Risk faktörlerini anlamak
IT yöneticilerinin en büyük korkusu kontrolü kaybetme düşüncesidir. “Altyapı artık benim kontrolümde değil ve bundan bir başkası sorumlu. Onlar başarısız olduğunda ne olacak?” endişesi yaratabilir. Riskler altyapı, yazılım yeterliliği ve veri perspektifinden görülebilir.
Veri Güvenliği
Bulut tedarikçileri tarafından kullanılan güvenlik bileşenlerindeki kesinlik ve görülebilirliği çevreleyen belirsizlik en büyük endişe sebebidir. İş verilerinin dışarıda saklanması, aynı zamanda artan veri trafiği ile birlikte muhtemel veri hırsızlığı ve hack riskleri aşikardır.
Servis Güvenirliği
Internet bağlantısını kaybetme ihtimallerinin artması ve bulut sağlayıcısının kesintilere maruz kalması güvenilirlik ve ağ bağımlılığı hakkındaki soruları ortaya çıkartıyor.
Yazılım Yönetimi
Yazılım üzerinde kontrol olmaksızın, yazılımda düzenleme, güncelleme veya hata düzeltme yapmak oldukça karmaşık olabilir.

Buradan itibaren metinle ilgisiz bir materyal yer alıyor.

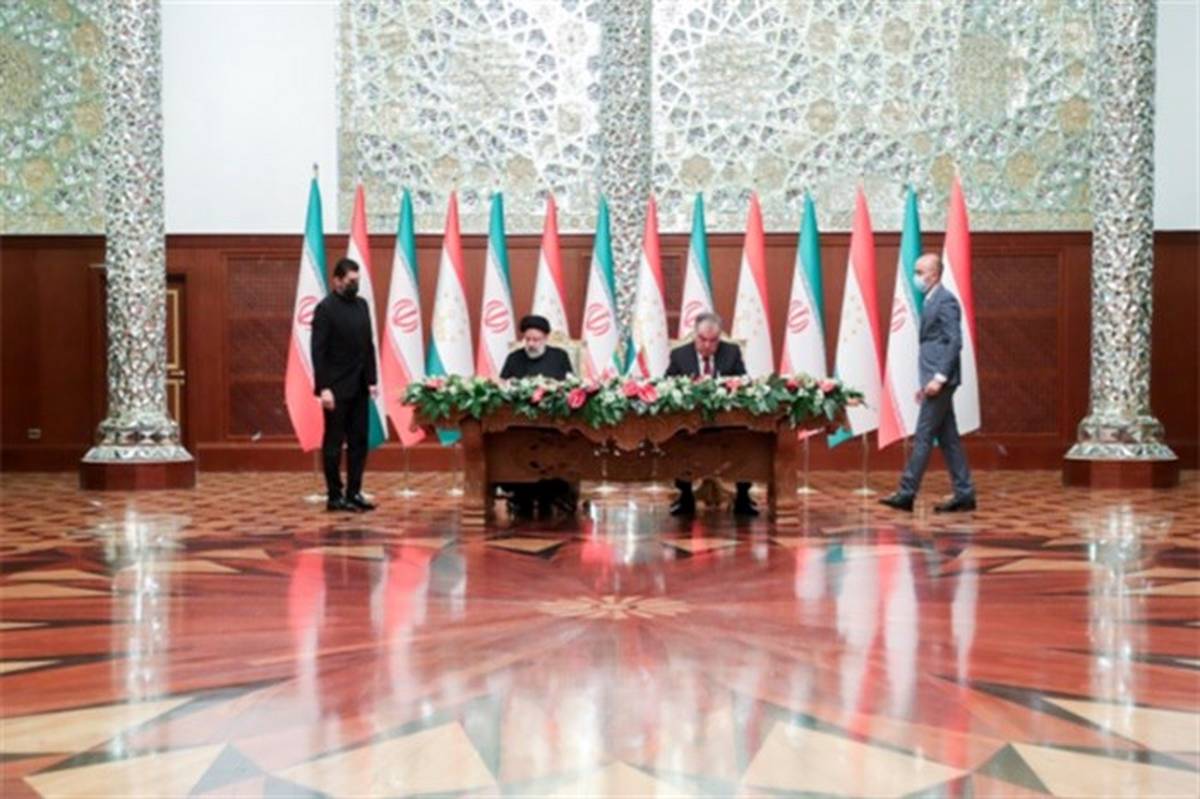 ایران و تاجیکستان 8 سند همکاری امضا کردند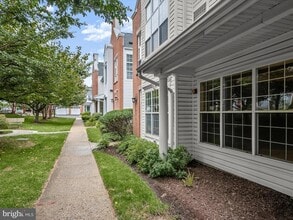 10713 Symphony Way in Columbia, MD - Building Photo - Building Photo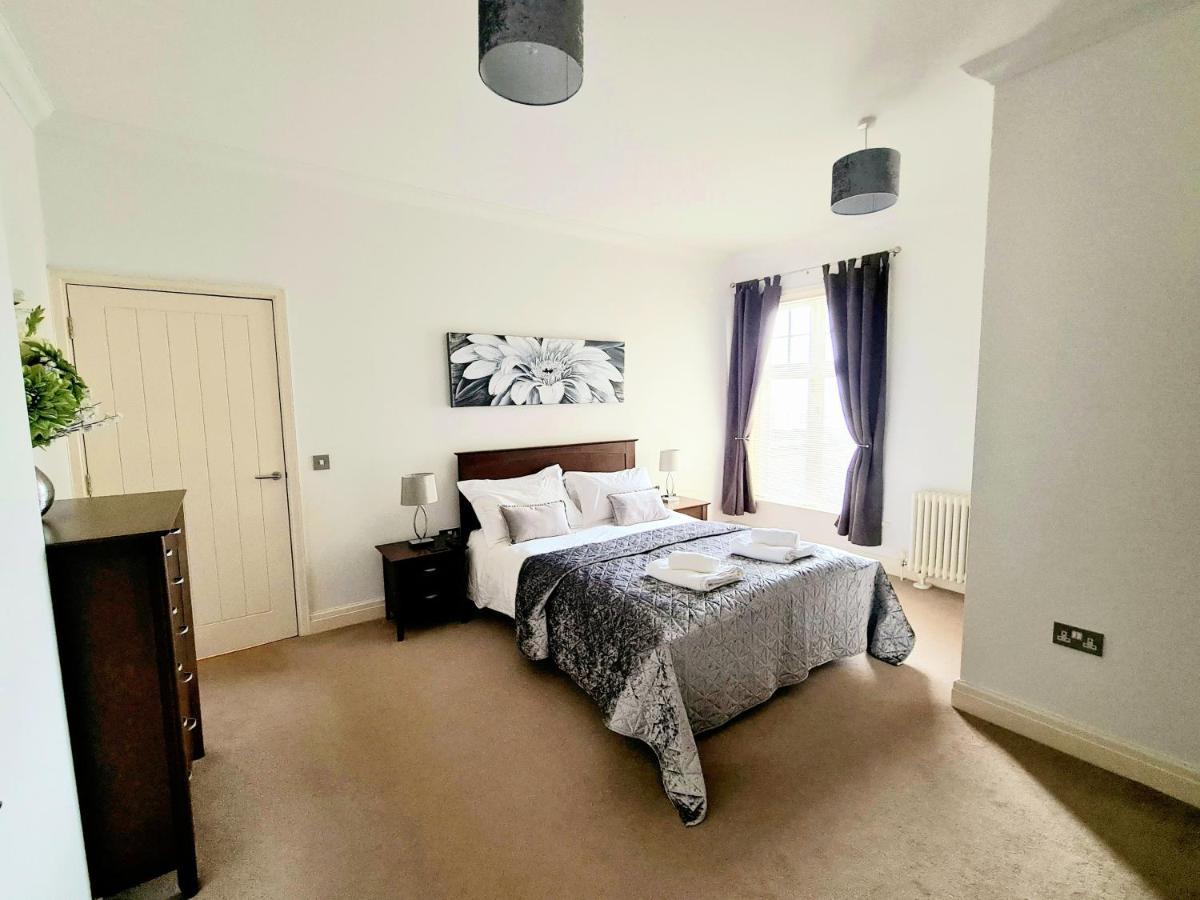 Vitamin Sea - Beachfront Apartment - Sleeps 4 Ramsgate Bagian luar foto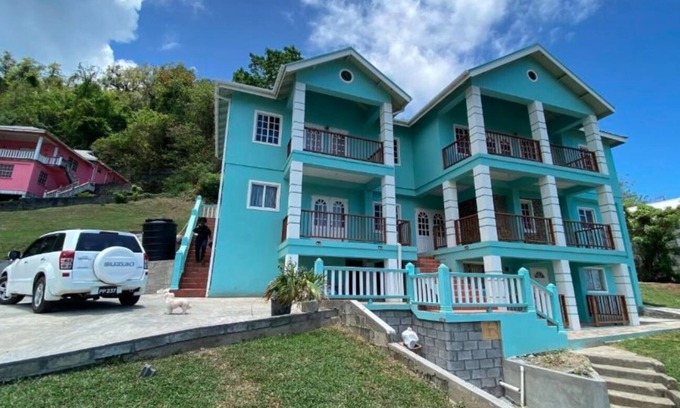 Colonarie Apartment | Golden Palms Two-Bedroom Apartment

İş enformasyon ve uygulamalarını bulut servis sağlayıcılarına emanet etmekten kaçınan organizasyonlar şunu gözden kaçırıyorlar ki kendi iç IT ekipleriyle karşılaştırıldığında dış bulut sağlayıcılar esasında bu riskleri daha iyi yönetebilir.
Nihayetinde onlar birden çok müşteriyle çalışarak en iyi uygulamaları geliştiriyor; ihlalleri önleme konusunda daha yüksek bir güdüye sahipler çünkü itibar maliyeti onlar için çok daha yüksektir; ve servis sağlayıcıları daha çok yedek kaynağı konuşlandırdığından tekil hata noktası sayısı daha azdır.
Tavsiyeler neler?
Buluta geçiş gereksinimini tartışırken organizasyonlar risk labirentinde dikkatli bir şekilde ilerlemeli, bulutun kendi iş değerlerini nasıl geliştireceği üzerinde kapsamlı bir anlayış kazanmalı ve dolayısıyla işletmelerini tehlikeye atmaksızın IT hedeflerini gerçekleştirmelidir.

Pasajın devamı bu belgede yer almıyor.